European Union Enlargement and Integration Capacity
This special issue of the Journal of European Policy presents results from the research on the European Union Enlargement and its Integration Capacity. The Journal of European Public Policy is one of the leading journals in this field.
- Guest editors: Tanja A. Börzel, Antoaneta Dimitrova, and Frank Schimmelfennig
- 07 February 2017
- Journal of European Public Policy: Special Issue
- 'European Union enlargement and integration capacity: concepts, findings, and policy implications'
- ‘What do citizens want? And why does it matter? Discourses among citizens as opportunities and constraints for EU enlargement’
- 'The Impact of Eastern enlargement on the decision making capacity of the European Union'
The Journal of European Public Policy is a high impact journal, ranking 21st out of 161 in Political Science and 7th out of 46 in Public Administration with an Impact Factor of 1.817. Its Five-Year Impact Factor of 2.079 ranks it as 26/161 in Political Science and 6/46 in Public Administration. Only one Special Issue is released per year and the issue has been competitively selected.
This special issue is co-edited by Antoaneta Dimitrova and features three articles written by Antoaneta Dimitrova, Elitsa Kortenska and Dimiter Toshkov, researchers of the Institute of Public Adminstration:
- Prof. dr. Tanja A. Börzel, Dr. Antoaneta Dimitrova and Prof. dr. Frank Schimmelfennig, ‘ European Union enlargement and integration capacity: concepts, findings, and policy implications.’
The introductory article discusses the broader implications of the MAXCAP project findings assessing the EU’s eastern enlargement and the difficulties for future enlargements due to the politicization of the EU’s external governance.
- Dr. Antoaneta Dimitrova and Ms. Elitsa Kortenska, 'What do citizens want: And why does it matter? Discourses among citizens as opportunities and constraints for EU enlargement.'
This article presents findings on citizens discourses and perceptions of the past enlargement in four members states: two old (Germany, the Netherlands) and two new ones (Poland, Bulgaria).
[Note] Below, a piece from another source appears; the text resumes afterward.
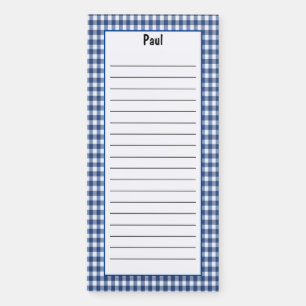 Custom Minimalist Navy Blue Checker Pattern Lined Magnetic Notepad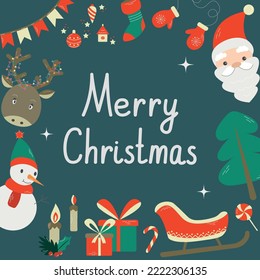 Christmas greeting frame with traditional symbols - Snowman, Santa, Reindeer, Tree, Gifts and Sleigh. Vector illustration in flat cartoon style with text Merry Christmas, isolated on dark background.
The findings suggest that people’s perceptions of enlargement and attitudes are more nuanced than being for or against it: for example, in the Netherlands, there is a little known positive discourse linking enlargement with shared EU values.
- Dr. Dimiter Toshkov: ‘The impact of the Eastern enlargement on the decision-making capacity of the European Union.’
This article employs several inventive analyses to show that the EU’s legislative output has not been slowed down by enlargement. The findings are counterintuitive, given that many have claimed that the Easter enlargement slowed down EU decision making.